*Work required*
Provide an exact copy of the data, excluding the images.

___

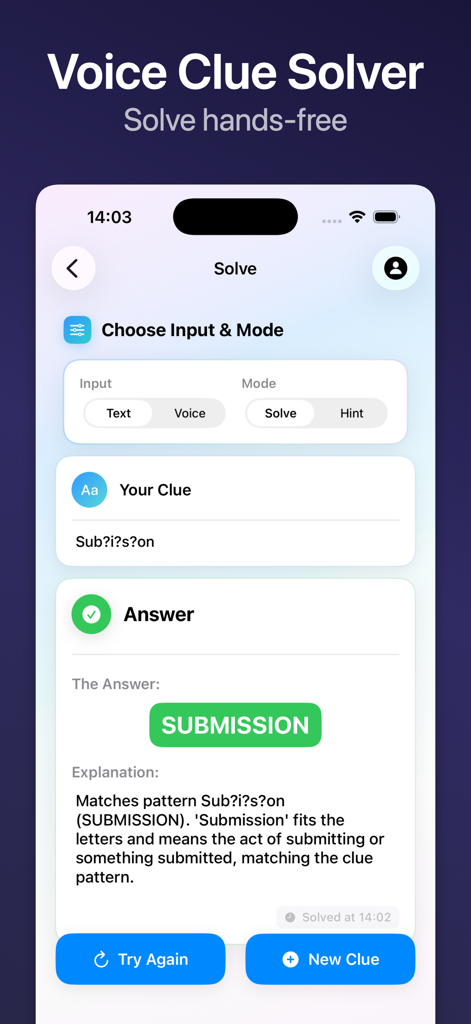 Crossword Clue Solver: Crossy - Interface of Crossy app showing voice input feature and a solved crossword clue with explanation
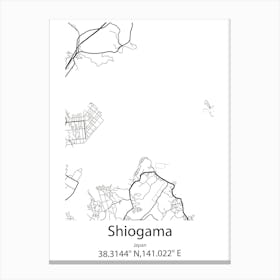 Shiogama,Japan Minimalist Map Toile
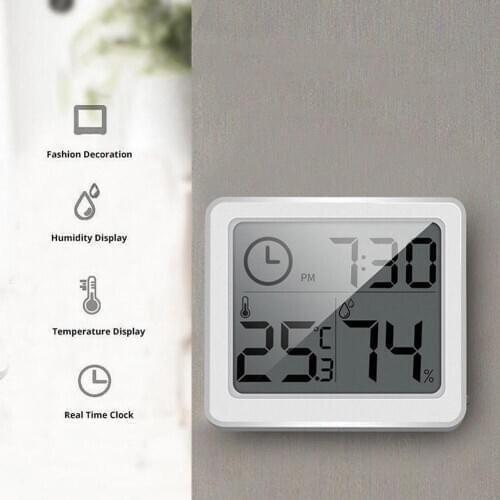 Digital Wall Clock Indoor Smart Electronic Digital Humidity Thermometer LCD Hygrometer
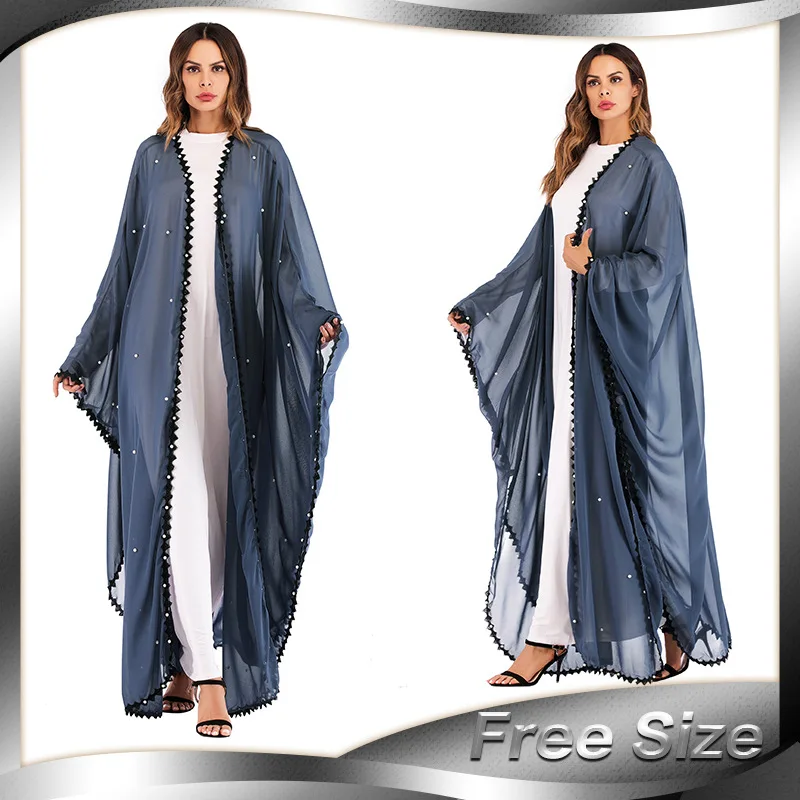 

Muslim Women Lace Splicing Beads Loose Lace-up Long-sleeved Cardigan Robe Abaya Solid Color Loose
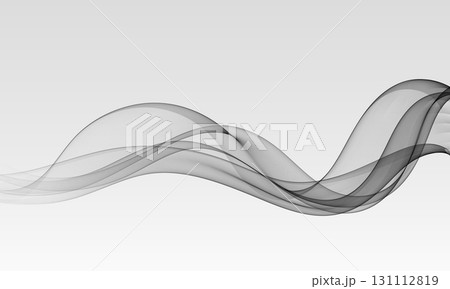 Flow of fluid abstract grey wave with smooth transparent layers on light gradient background. 131112819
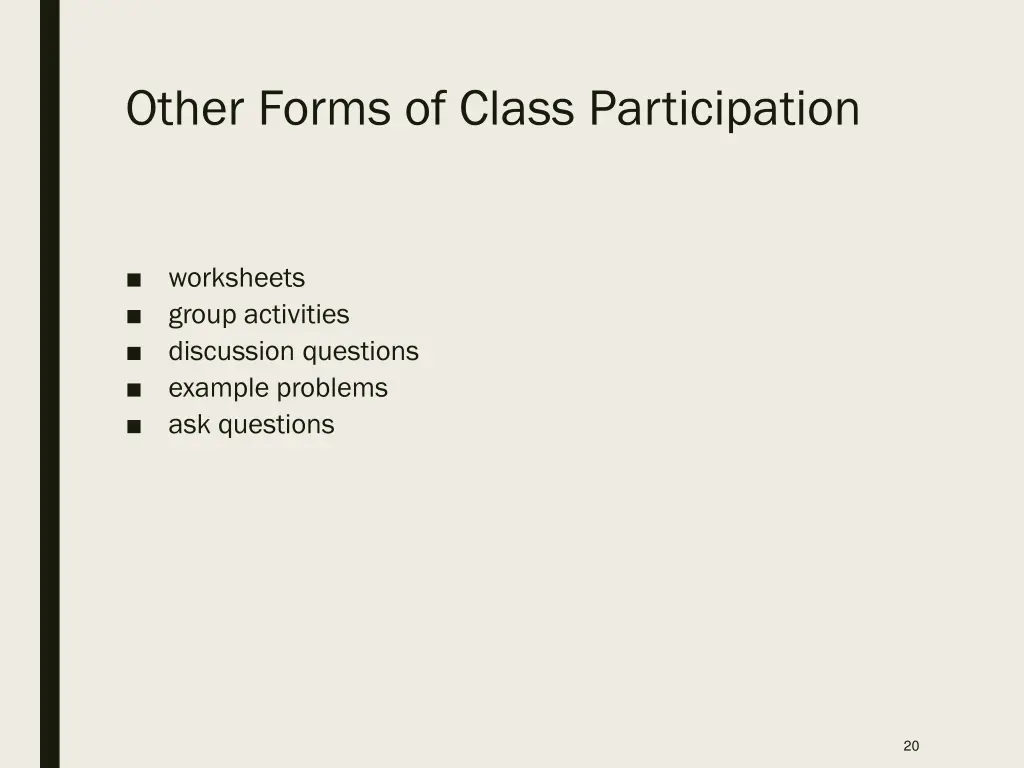 other forms of class participation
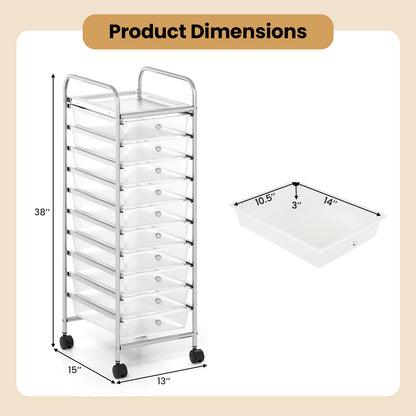 10-Drawer Rolling Storage Cart with Metal Frame and Lockable Universal Wheels-White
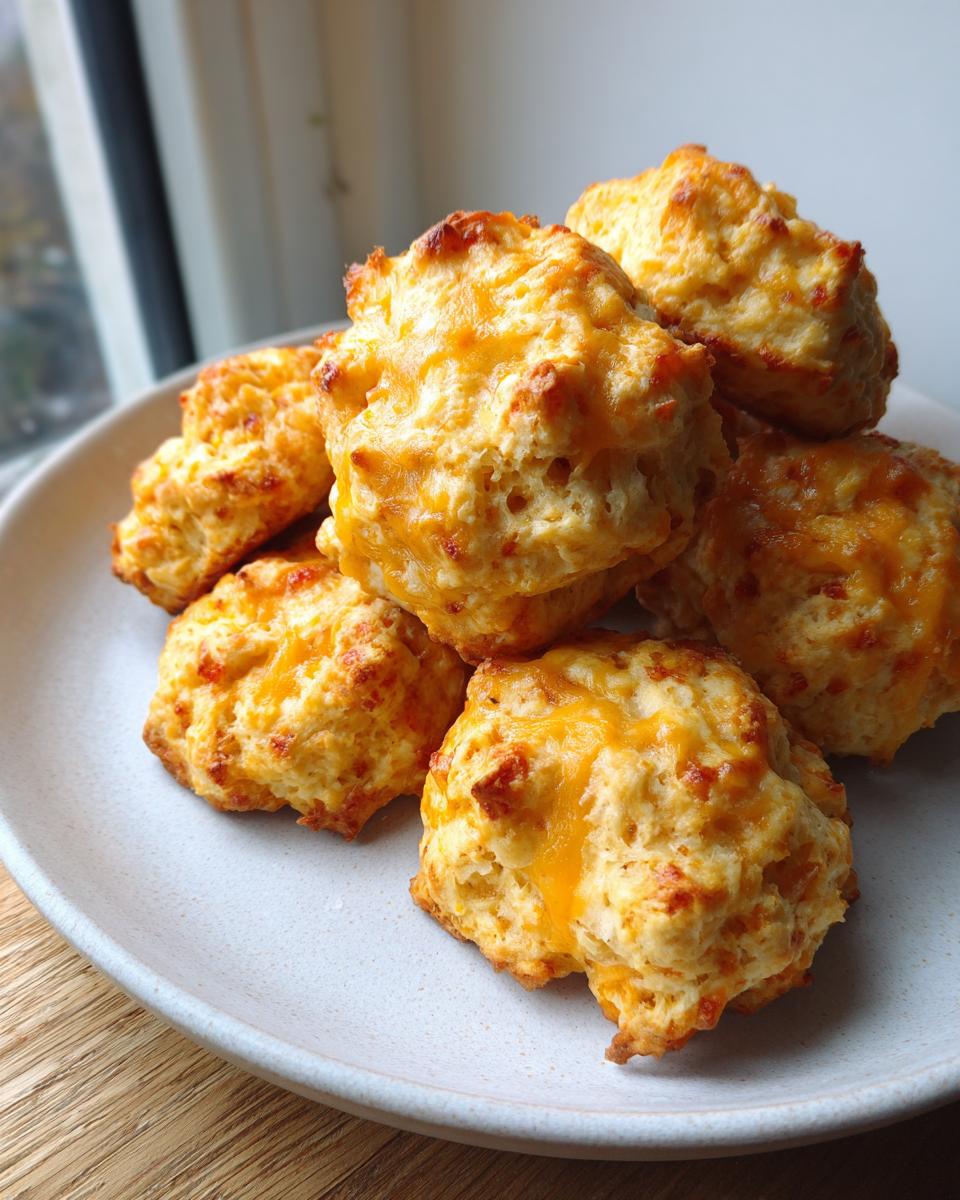 A close-up stack of golden brown, cheesy sausage balls resting on a light gray plate near a window.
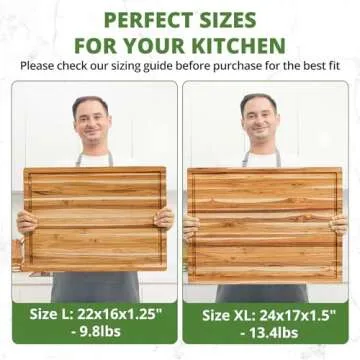 BEEFURNI XL Teak Cutting Board with Juice Groove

___

*Problem solution*
 Crossword Clue Solver: Crossy - Interface of Crossy app showing voice input feature and a solved crossword clue with explanation
 Shiogama,Japan Minimalist Map Toile
 Digital Wall Clock Indoor Smart Electronic Digital Humidity Thermometer LCD Hygrometer

Muslim Women Lace Splicing Beads Loose Lace-up Long-sleeved Cardigan Robe Abaya Solid Color Loose
 Flow of fluid abstract grey wave with smooth transparent layers on light gradient background. 131112819
 other forms of class participation
 10-Drawer Rolling Storage Cart with Metal Frame and Lockable Universal Wheels-White
 A close-up stack of golden brown, cheesy sausage balls resting on a light gray plate near a window.
 BEEFURNI XL Teak Cutting Board with Juice Groove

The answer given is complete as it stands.